La réserve parlementaire
Voilà donc décrites quelques recettes pour durer. Il y en a d’autres, comme cette fameuse réserve parlementaire, autrement dit une somme de 150 Millions d’euros répartie entre Députés et Sénateurs et qui leur permet de donner des « coups de pouce » à des projets locaux ou à des associations selon des critères obscurs dont la finalité ne doit pas toujours être loin du « coup de pouce » en retour lors des élections suivantes.
S’agissant du Département d’Ille et Vilaine on saluera la transparence affichée par tous les parlementaires sur le montant de la réserve attribuée et son utilisation (dans les grandes lignes), tous sauf un (Pierre Méhaignerie) qui a refusé de communiquer sur le sujet.
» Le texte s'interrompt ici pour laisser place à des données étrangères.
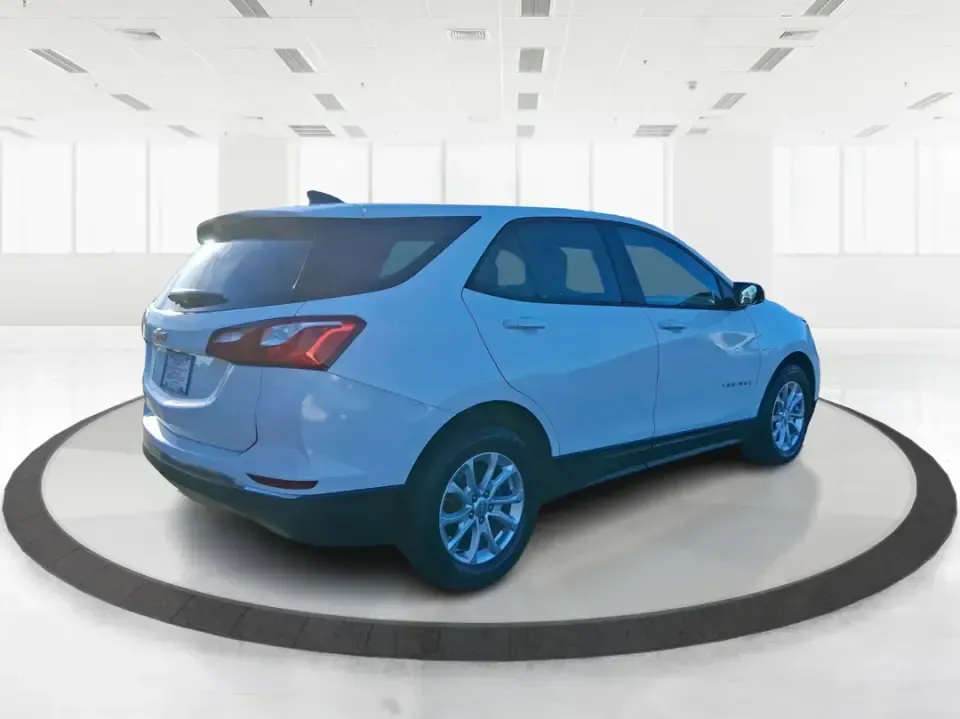 2018 Chevrolet Equinox LS (3GNAXHEV0JS) with an 1.5L I-4 gasoline direct injection engine, 6A transmission, located at 1951 S Dayton Lakeview Rd., New Carlisle, OH, 45344, (937) 908-9800, 39.890999, -84.050255 - 2018 Chevrolet Equinox LS - Photo#2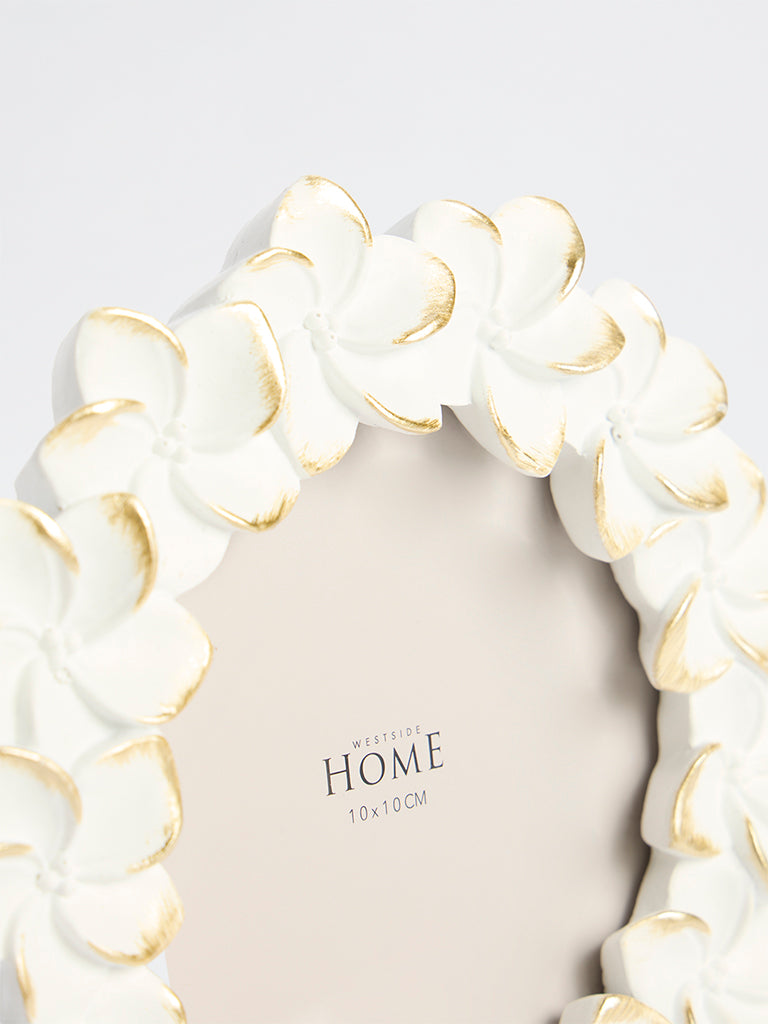 Westside Home White Flower Circular Photo Frame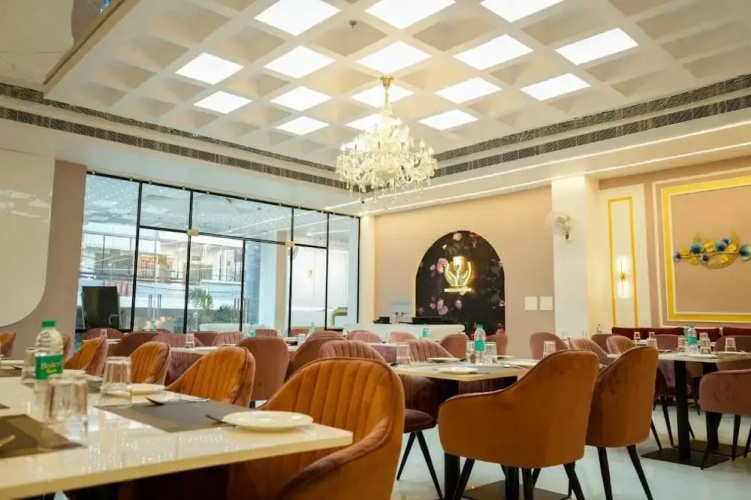 Hotel Evara Inn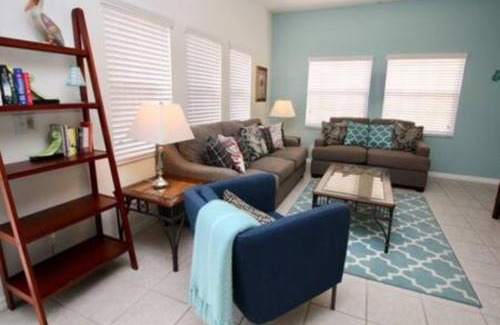 Kissimmee Villa | Relaxing Gated Resort Getaway with Private Pool Access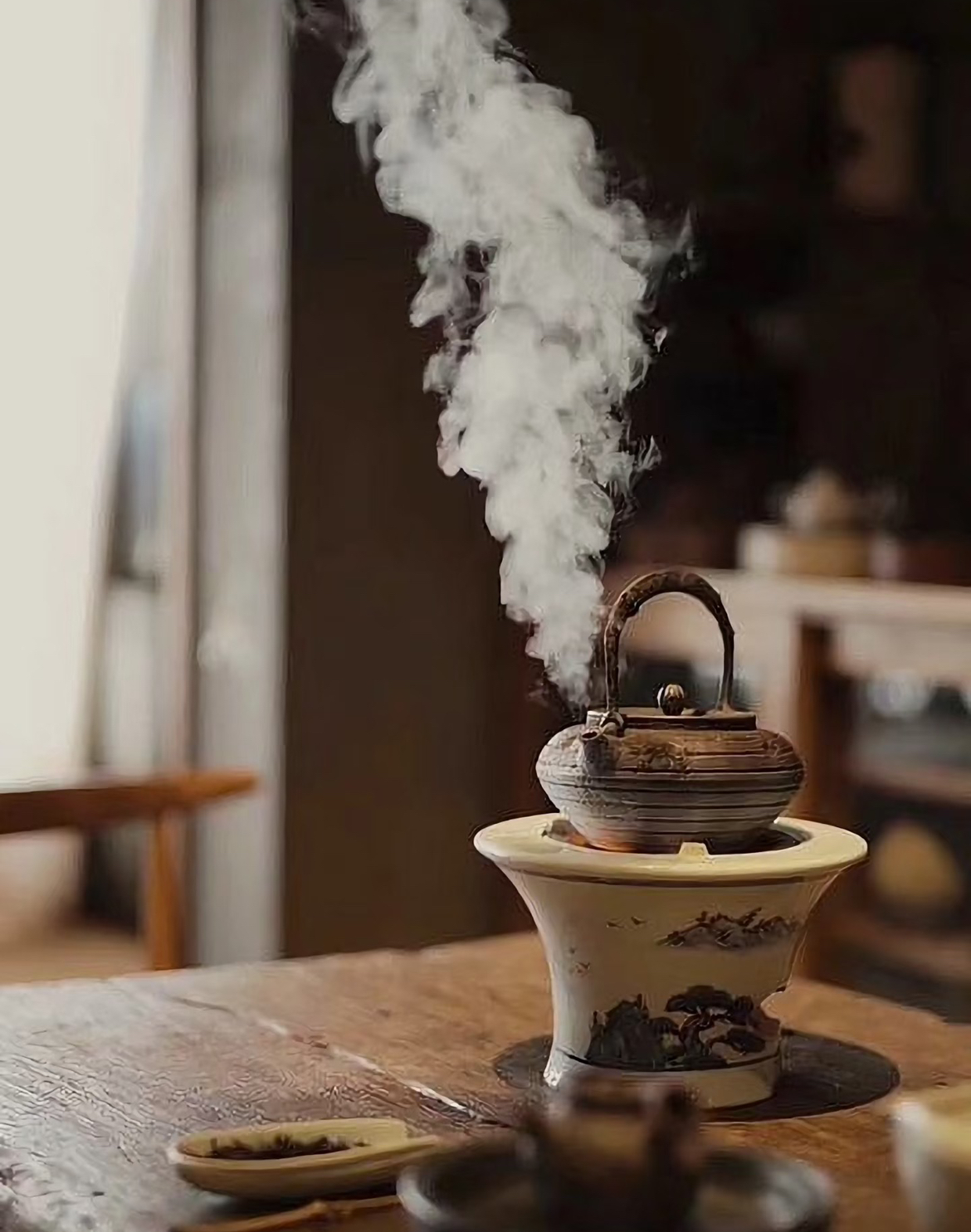 一个在机关不受待见的同事,在一个刚成立的新单位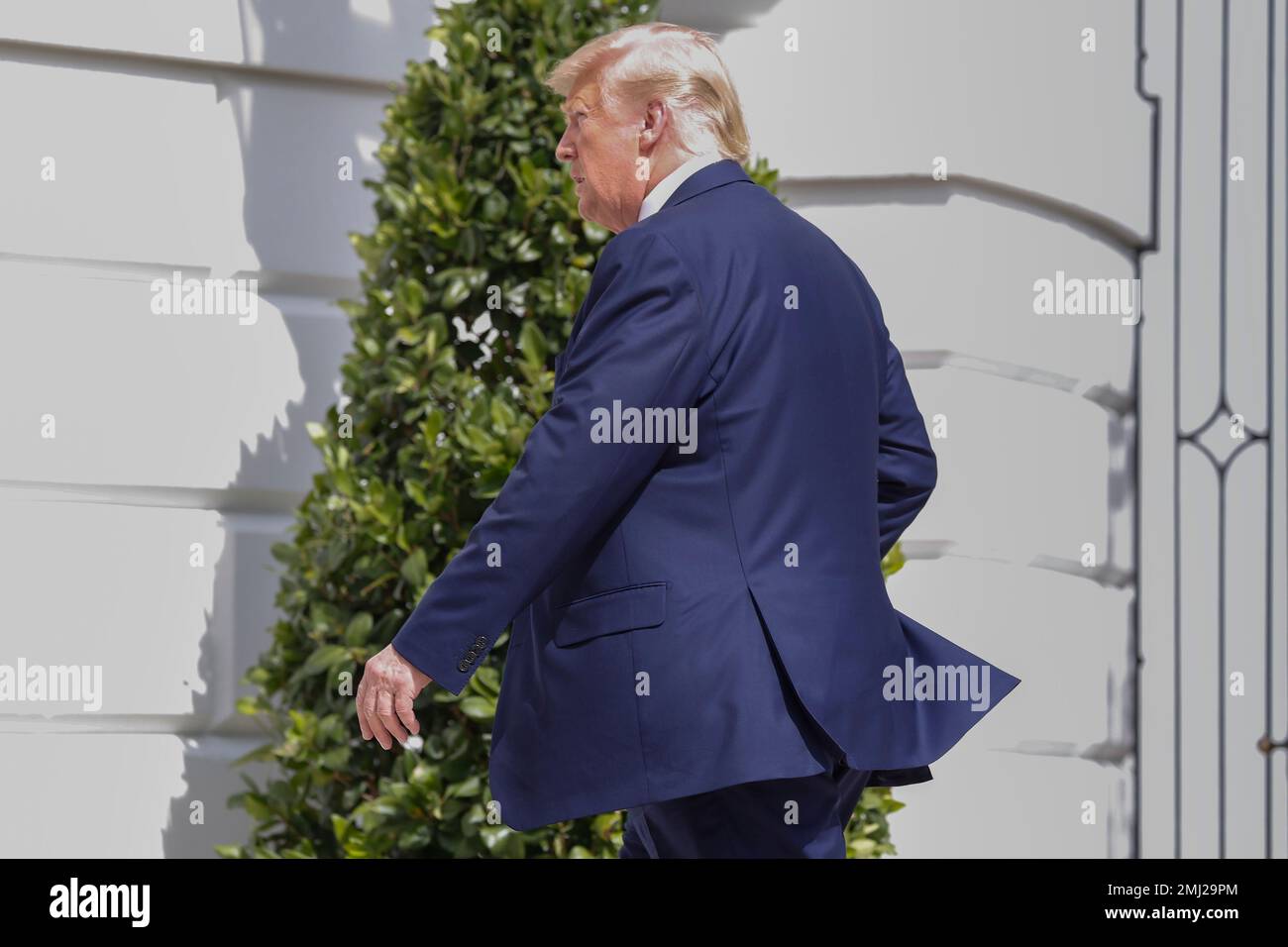 President Donald Trump walks back into the main residence of the White House in Washington, Thursday, Sept. 26, 2019, after returning from United Nations General Assembly. (AP Photo/Pablo Martinez Monsivais) Stockfoto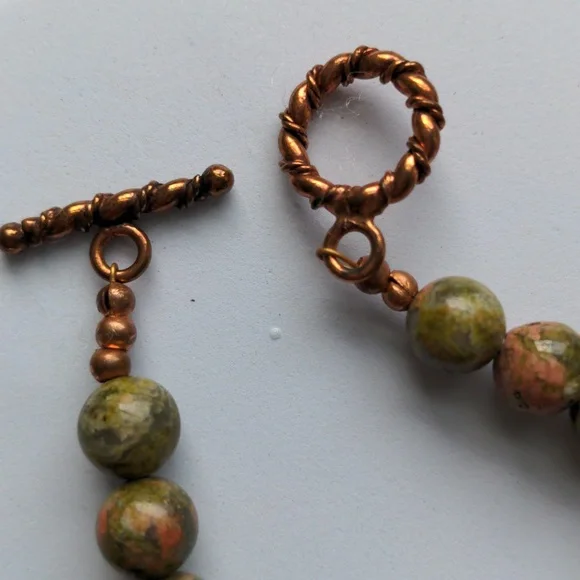 Unikite & pink jade necklace earrings set.New, Handcrafted. 22", copper toggle
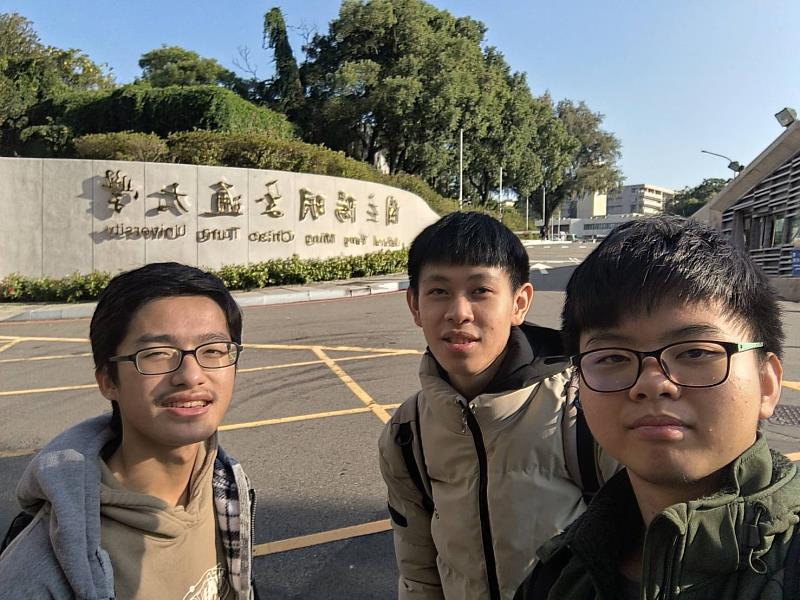 菁英班學生呂宗恩（右）、劉毅安（中）及楊又霖（右）在學期間可修習由陽明交大師資開授的專業課程，並取得畢業學分認證。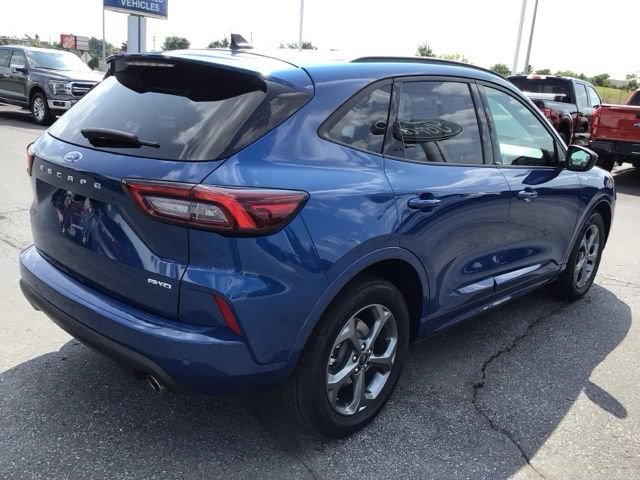 Certified 2023 Ford Escape ST-Line w/ Tech Pack #1 AWD/4WD image 4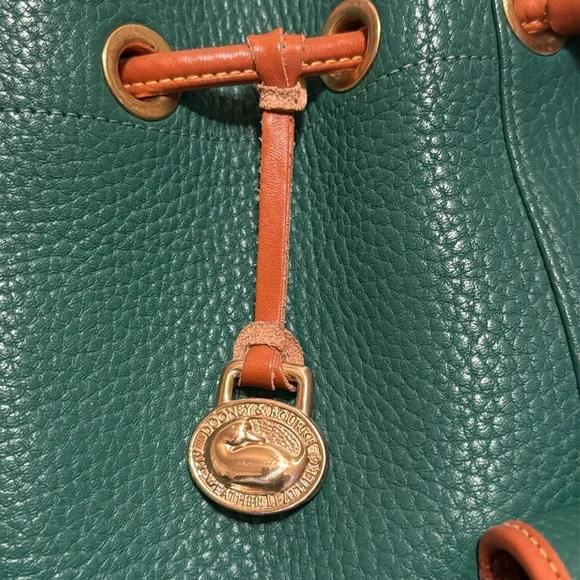 Dooney and Bourke large sling in Kelly Green - Picture 13 of 15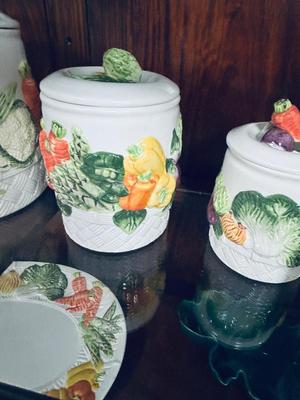 KMC CERAMIC CANISTERS AND SHAKERS
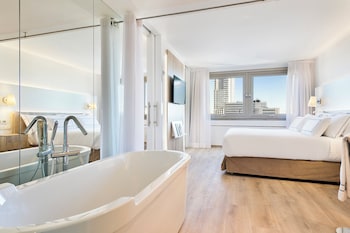 The Level, Junior Suite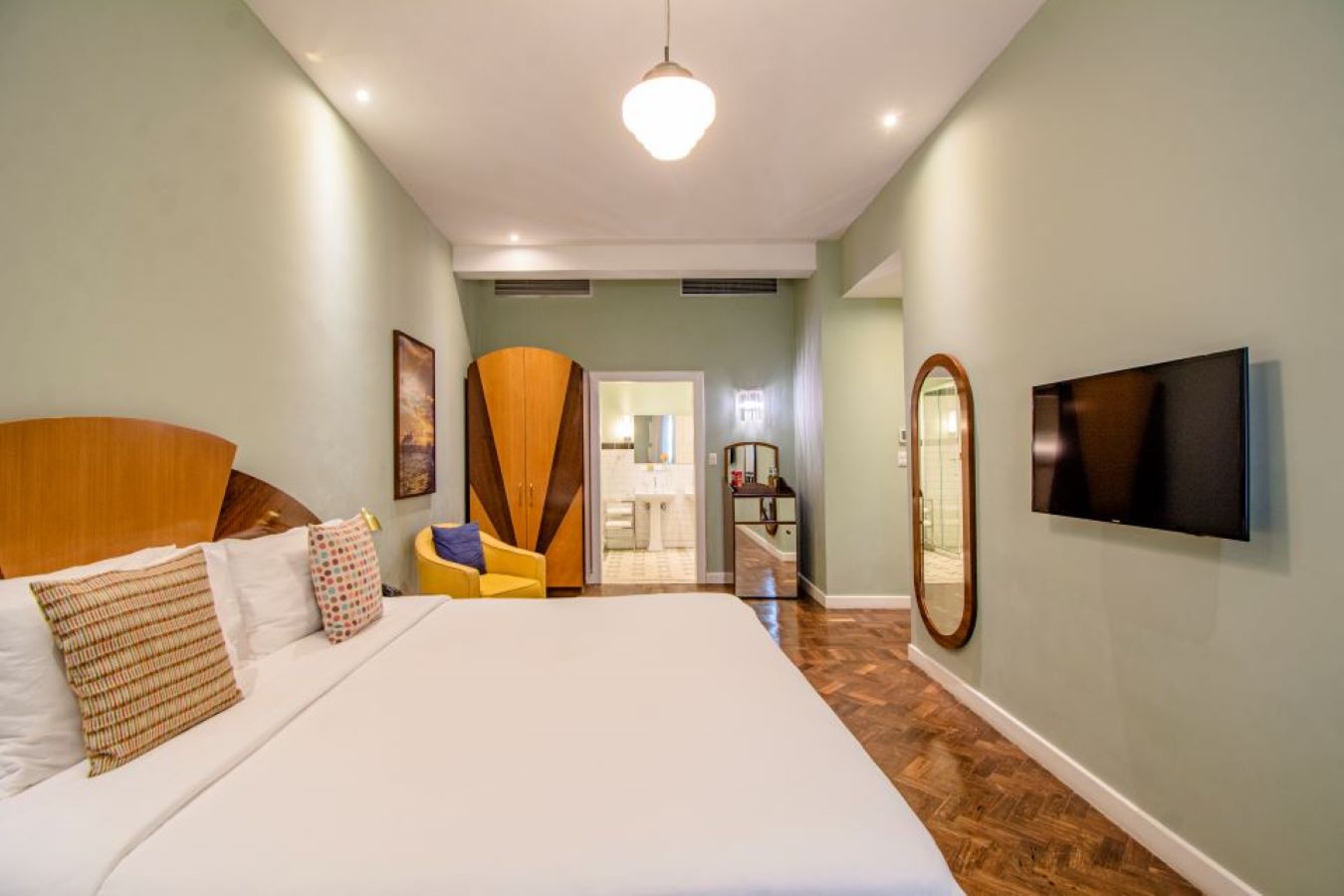 Guest room with seating area at Fera Palace Hotel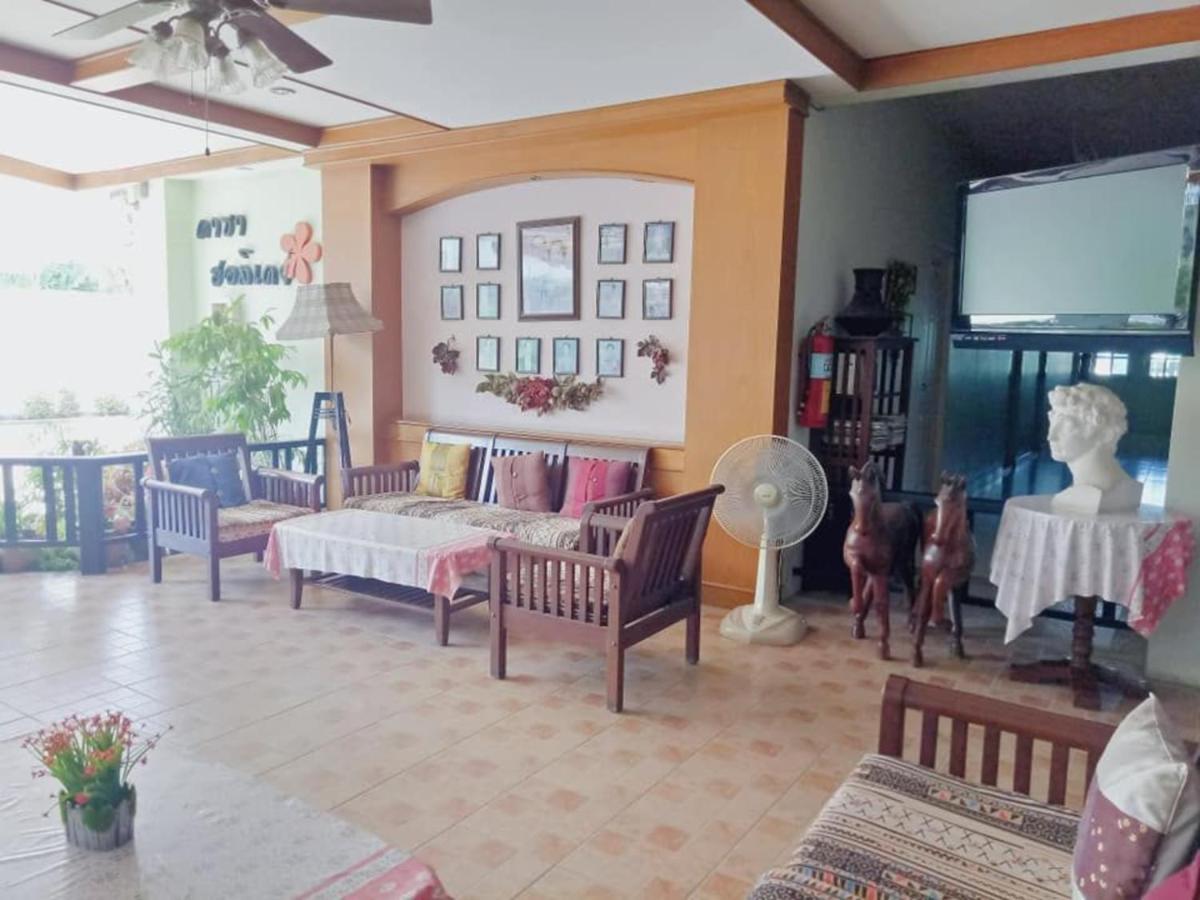 Casa Holiday Hotel Sha Phitsanulok Buitenkant foto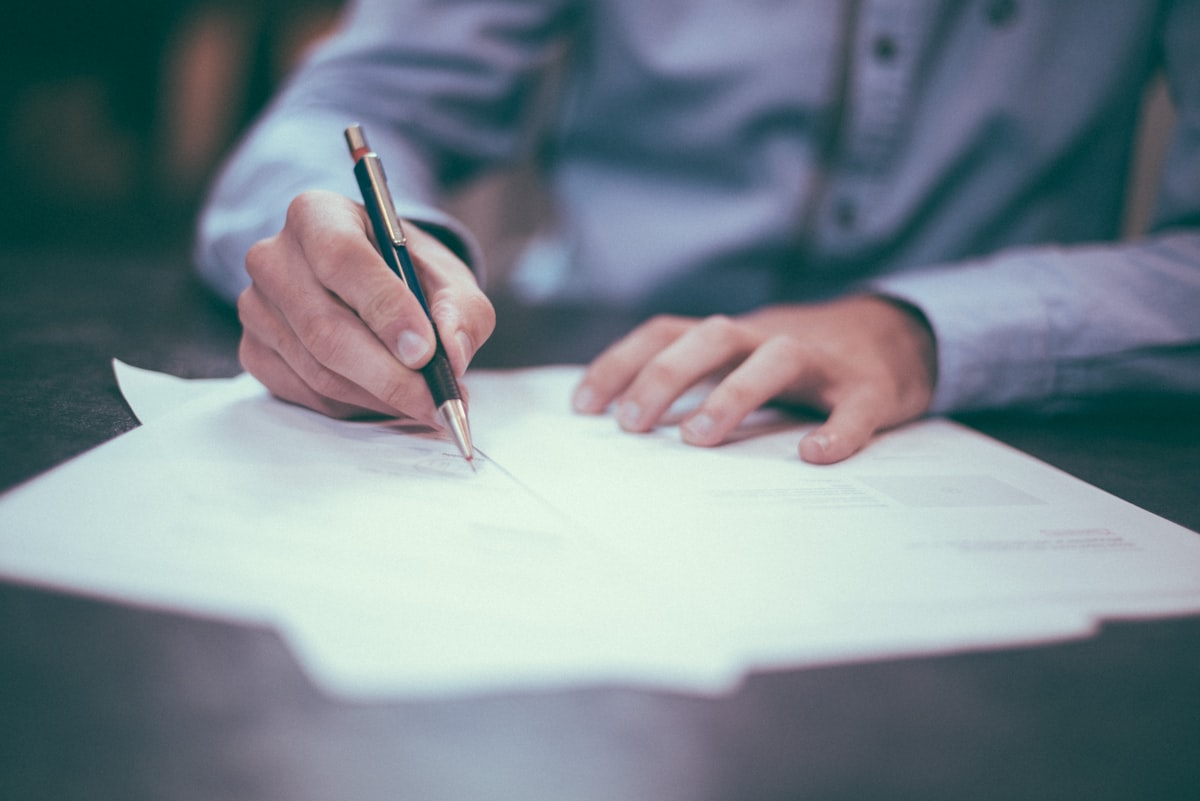Digital Signage RFP Template: How to Source the Right Vendor for Your Business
On peut le comprendre lorsqu’on remarque que les parlementaires de droite disposent d’enveloppes trois à quatre fois plus importantes que leurs collègues de gauche et que sa position de Président d’une commission parlementaire lui permet sans doute d’émarger à un montant bien supérieur et ainsi s’attirer les bonnes grâces des relais locaux pour les prochaines élections.
Saluons l’honnêteté de J. M. Boucheron qui parle de « système électoraliste peu transparent » et qui n’utilise plus la réserve qui lui est attribuée.
La déconnexion du réel
Enfin, ils n’avoueront pas que, n’ayant plus aucune vie professionnelle, ils ne sont sans doute pas les mieux à même d’appréhender ce qui se passe au quotidien dans les entreprises, les usines et les administrations, que leur statut de « professionnels de la politique »et les avantages qui vont avec les font vivre sur une autre planète, et que leurs votes sont parfois déconnectés de la réalité.
Un exemple : pour financer la remise en cause du 4ème jour de carence dans le privé (200 millions), il n’est pas venu à l’idée de M. Méhaignerie de proposer la suppression de la fameuse réserve parlementaire. Cela aurait pourtant eu un certain panache !
Réformer le système
Pour mettre fin à ce genre de « mandat à vie », il faut bien entendu modifier les règles, en interdisant le cumul de mandats aux parlementaires et en interdisant plus de deux mandats successifs au Parlement. Cela permettrait aux intéressés de renouer épisodiquement avec une vie professionnelle et de rentrer dans le droit commun des rémunérations et des pensions de retraites, de goûter aux joies des journées de carence en cas de maladie, d’être exposés aux aléas de la vie des entreprises avec les plans sociaux qui vont avec, bref, de tester au réel les lois votées et de revenir dans la communauté des citoyens « normaux ».